Паша осталась поодаль от здания. В случае опасности она должна была подать знак: дважды мяукнуть. В рассеянных лучах уличного фонаря она отчетливо видела часового с винтовкой наперевес. Вслушивалась в каждый шорох. Минуты тянулись, вокруг было тихо. Внезапно послышались чьи-то шаги. Паша насторожилась. Из мрака, шурша песком, отделились три тени. Потом еще одна. Паша сообразила: смена караула. Трое солдат и разводящий.
К этому времени Виктор из комнаты проник в коридор. Зажечь свет он не решался. Пробираться приходилось наощупь. Наконец лестница привела его к чердаку. К счастью, на массивной двери висел неисправный замок. Виктор легко снял его. Испытывал ли он в эти минуты страх? Нет! Но все же неприятное чувство в нем копошилось. Нервы? Через смотровое окно снизу долетел чужой говор. Четко щелкнули каблуки. Виктор услышал: «Сдал. Принял! За мной!»

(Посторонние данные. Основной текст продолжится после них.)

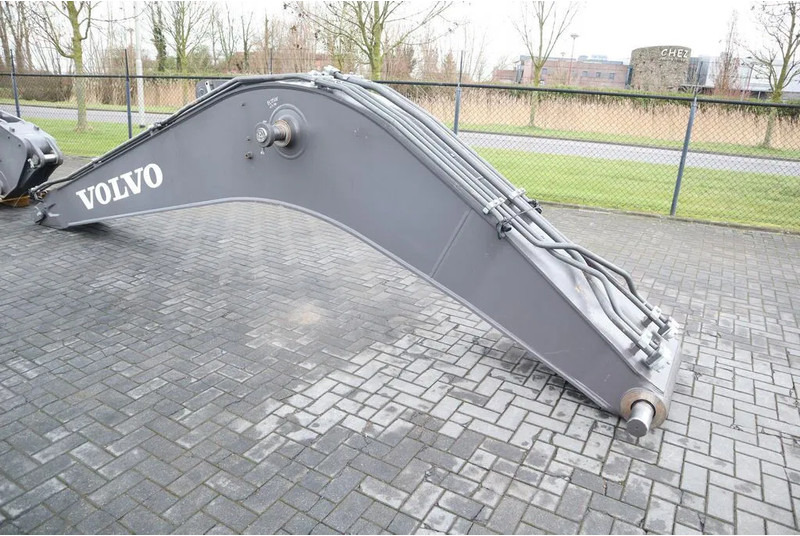 Boom for Construction machinery Volvo EC 250 E | BOOM + STICK | AUSLEGER | GOOD CONDITION: picture 9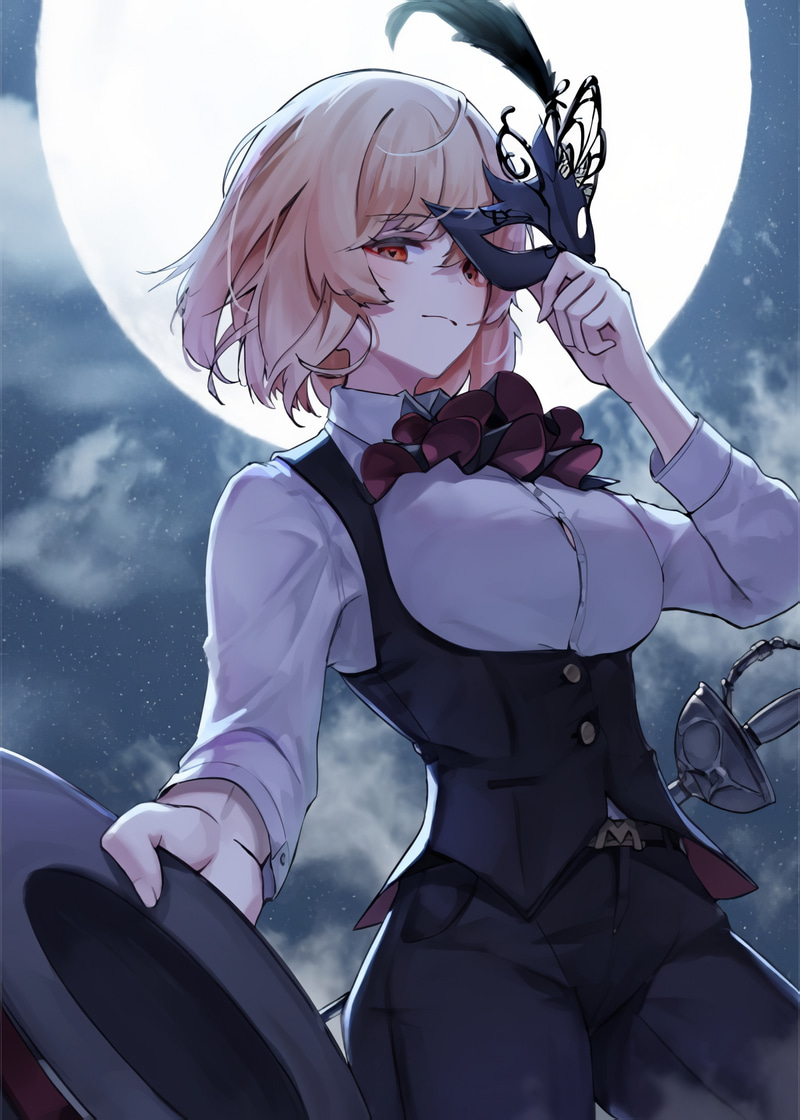 在结局前被魔王收买了 | 完结前被魔王收买 | 在結局前被魔王收買了 | 完結前被魔王收買 1-54 END page 1 full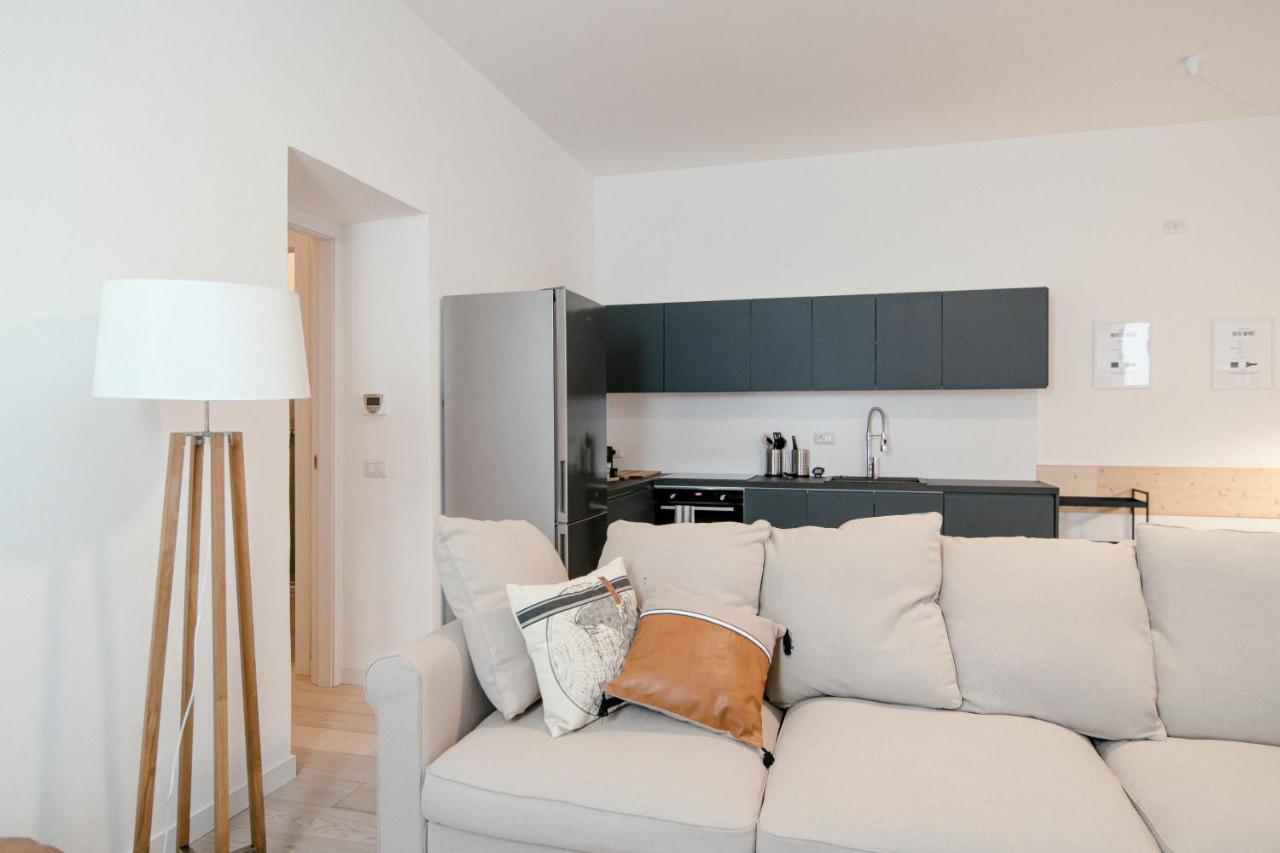Borgovico Garden - The House Of Travelers Apartamento Como Exterior foto
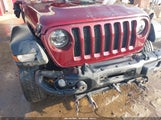 Jeep Wrangler Unlimited Freedom 4X4 1C4HJXDG6MW627529 снимка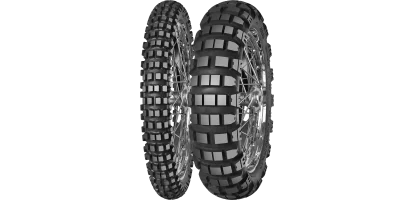 ENDURO TRAIL-XT+ (20/80)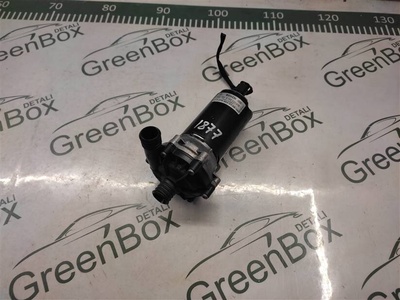 A0005000386 Насос антифриза дополнительный Mercedes GL X166 2013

Новый часовой осмотрелся вокруг, поднял вверх голову: «Все на месте». Сделал несколько шагов и остановился. Паша определила:
Виктор поднялся на черепичную крышу, лег плашмя. В ночном мраке перед ним лежал замерший город. Только местами светились электрические лампочки, да по одной или двум улицам бежала золотая нитка огней. Послышался шорох, на него откликнулся другой. Ни один звук не пропадал в такой напряженной тишине. Где это? Будто сдавленный со всех сторон неведомой силой, Виктор вытянул шею и прислушался. Если в такие минуты допустить малейшее ослабление воли, не трудно перешагнуть и черту трусости. Не таков коммунист Виктор Измайлов! Кто любит, как он, свою Родину, тот не переступит этой зловещей черты. Однако сердце стучало гулко. Виктору предстояло преодолеть не более двух метров, отделявших его от мачты, а они казались бесконечными.

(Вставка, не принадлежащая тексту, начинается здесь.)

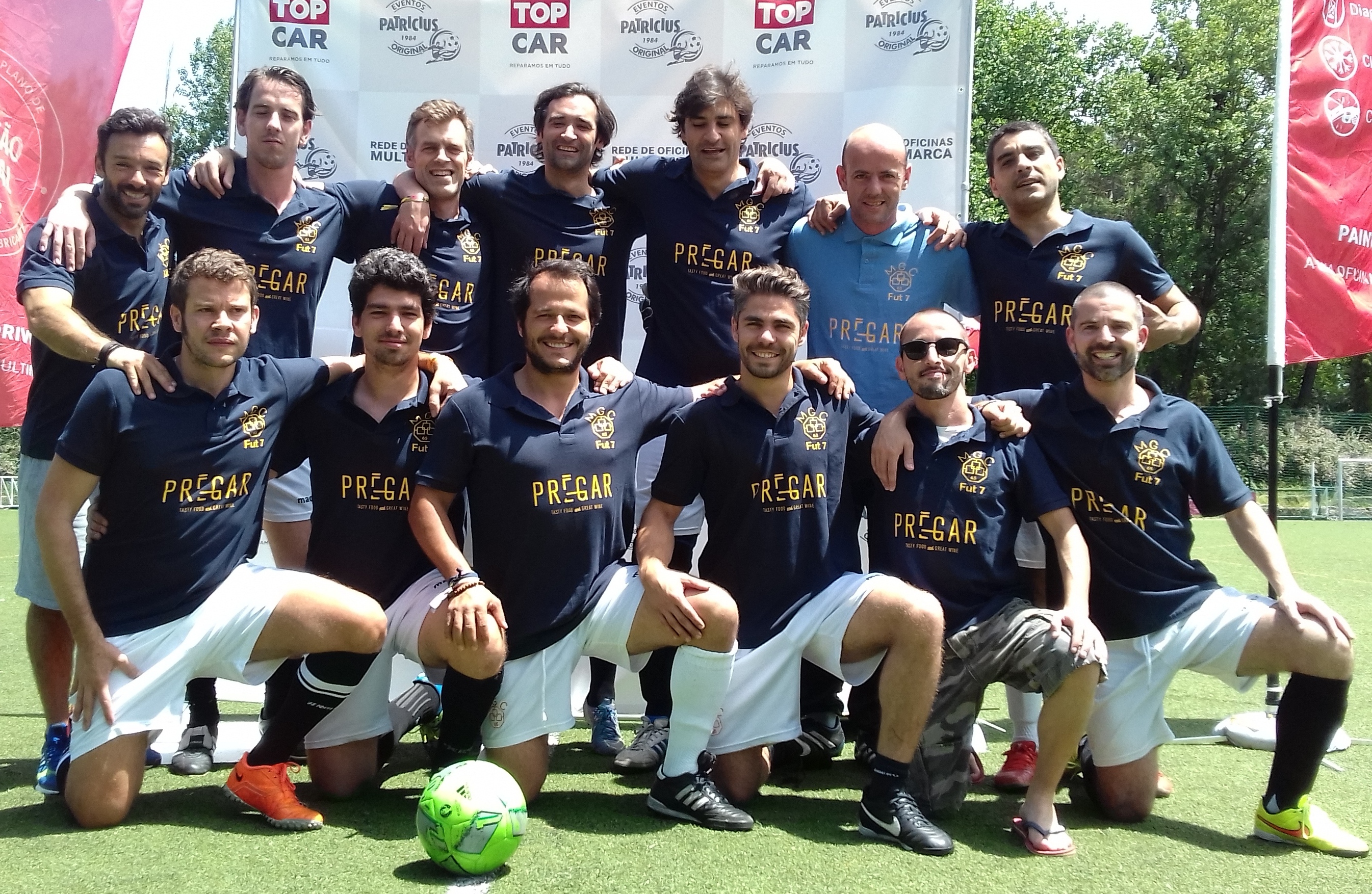 Foto de ESCOLINHAS MGC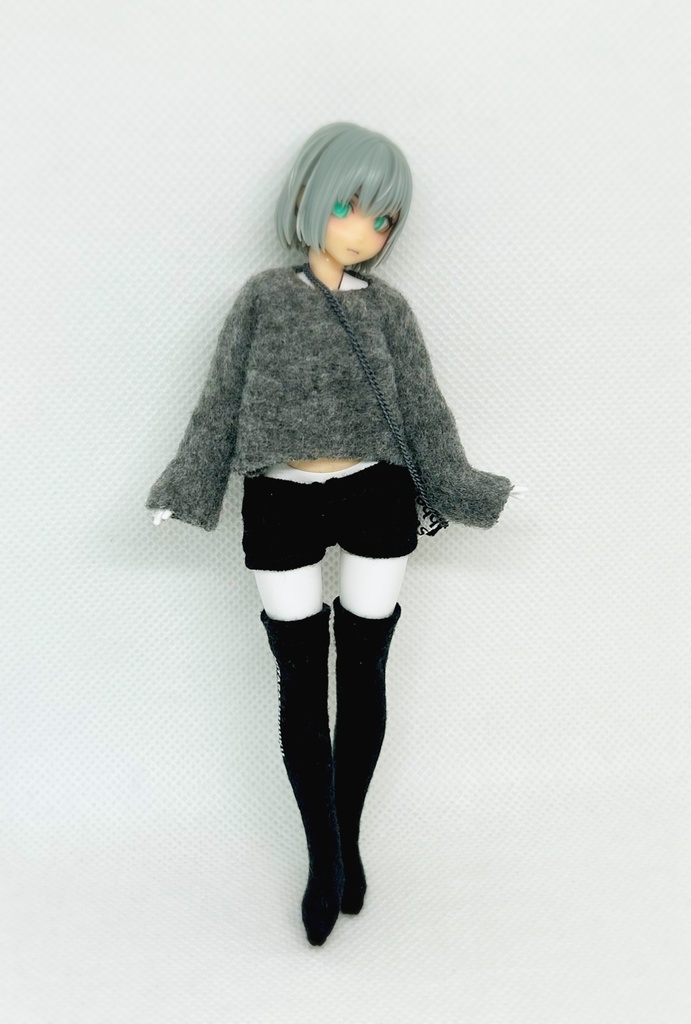 コーデパック 【chic outfit】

Идти в рост или ползти? Выбрал второе, так вернее. Стараясь не шуметь, он пополз к укрепленному флагу. Вот он, символ тьмы и насилия! Теперь ты сгинешь! Сейчас! Виктор вынул из кармана перочинный ножик и проворно срезал им холст со свастикой. Не спеша расправил алое полотнище, которое держал за пазухой, прикрепил к древку. Красное знамя зареяло! Виктор почувствовал такой прилив сил, такое вдохновение, что готов был сражаться с целым вражеским взводом.

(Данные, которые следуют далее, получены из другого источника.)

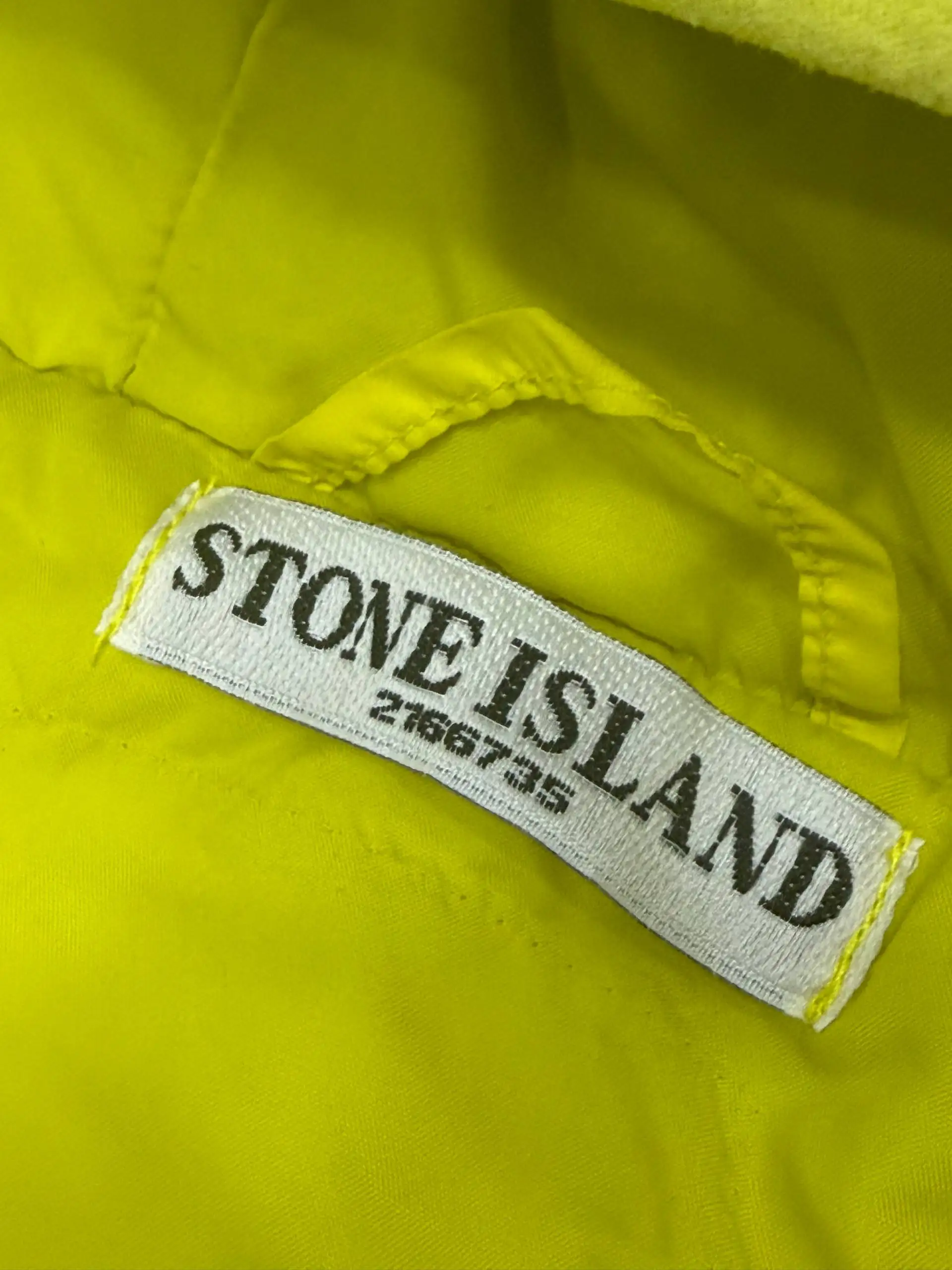 Ветровка Stone Island micro reps оригинал - Верхняя одежда (Одежда) в Астрахань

Спускался Виктор увереннее, душа пела. Едва он показался в окне, подскочил Громов, подставил плечи, и Виктор легко спрыгнул на траву. Парни без слов обнялись.
Николай, Виктор и Паша выбрались на другую улицу и оттуда, укрывшись в каком-то дворе, некоторое время любовались советским флагом. На сей раз его оберегал… немецкий часовой.
У моста Бема подпольщики спустились к излучине Стыри, как того требовал Громов, замочили обувь. А когда нал городом занялся рассвет, разводящий увидел на здании чужое знамя. Он истошно завопил: «Что это значит?!» Часовой побледнел, растерянно твердил, что никого не видел и ничего не слышал. Наивные доводы бесили разводящего. Рассвирепев, он кричал в лицо: «Болван! Под суд! На передовую!»
Всего несколько десятков минут развевался над оккупированным Луцком советский флаг, водруженный подпольщиками. Может быть, немногим удалось увидеть его в то утро над городом, но дерзкий и смелый поступок как нельзя лучше свидетельствовал перед всеми отвагу и мужество советских патриотов.
А их ряды росли, мужали. В Луцке уже действовало боевое подполье. В нем объединились Виктор Измайлов, Мария Дунаева, Паша Савельева, Наташа Косяченко, Николай Громов, Олег Чаповский, Мария Галушко, Шура Белоконенко, Мария Василенко, Нина Карст — хозяйка конспиративной квартиры, где и мне довелось прятаться от полицейских и жандармов. Активно в работу подполья включилась Анна Остаток, солдатка с открытым мужественным лицом. Она всегда бурно высказывала свою ненависть к немцам, принесшим на нашу землю горе и смерть. В самом начале войны в жестокой схватке с врагом погиб ее муж, и она поклялась мстить фашистам и никогда не проявлять трусости. В группе были инженер-полиграфист Алексей Ткаченко, повар Антон Колпак, фельдшер Варфоломей Баранчук, адвокат Вячеслав Измайлов и артист Борис Зюков. Это уже была организованная сила, которую умело направлял подпольный обком партии. Все ее участники собирались на «день рождения», подруги «отмечали» юбилейные даты, но фактически это был лишь предлог для сходок. Часто, обсуждая боевые задания, собирались и по три-четыре человека.